94 e320 Pin 14 Code 2 = BIG $3,600 - Need Suggestions - Please!

When using Arthur Dalton's code tester produced Pin 14 codes 3, 5, 14 and the infamous Code "2" [Too many "or" alternatives for me] I simply made an appointment with my understanding Benz dealer. I pay the diagnostic fee [$95 this time] and they give me the bad news. Usually I buy the parts and DYI, occasionally I let them do the work.

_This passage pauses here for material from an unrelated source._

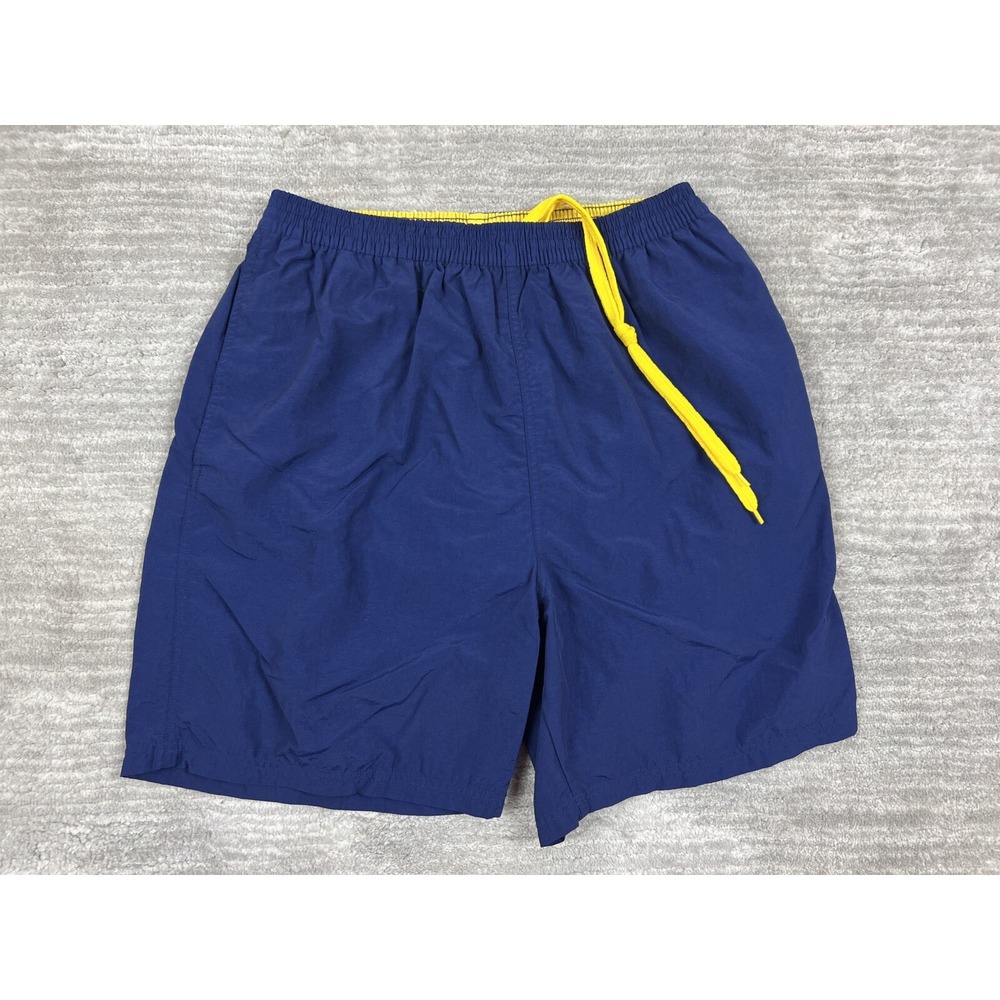 Sand N Sun Swim Trunks Mens M Blue Deep Cobalt Yellow Elastic Waist Mesh Lined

We have a pretty good relationship [I make lame jokes, do car talk and they ask me if i'm sitting down].

This time they gave me the BIG BAD NEWS.

Quote from the report:

139994 Short Test, Codes for EA Actuator, EA Control Module,
Estimate Part #0001414925 $1587 Part #245456532 $2058.50

So the Benz service man says "be sure you get the exact part numbers." However, he was surprised that it runs so well with these malfunctioning components.

The question[s] are:
Could the Benz service tech have made a mistake?
Do they have to be the EXACT part numbers?
What's a fair price to pay for each "used" part?
What's involved in R&Ring the components?
Where are all those Benzs lost to Katrina, and more importantly will flood waters destroy the aforementioned parts?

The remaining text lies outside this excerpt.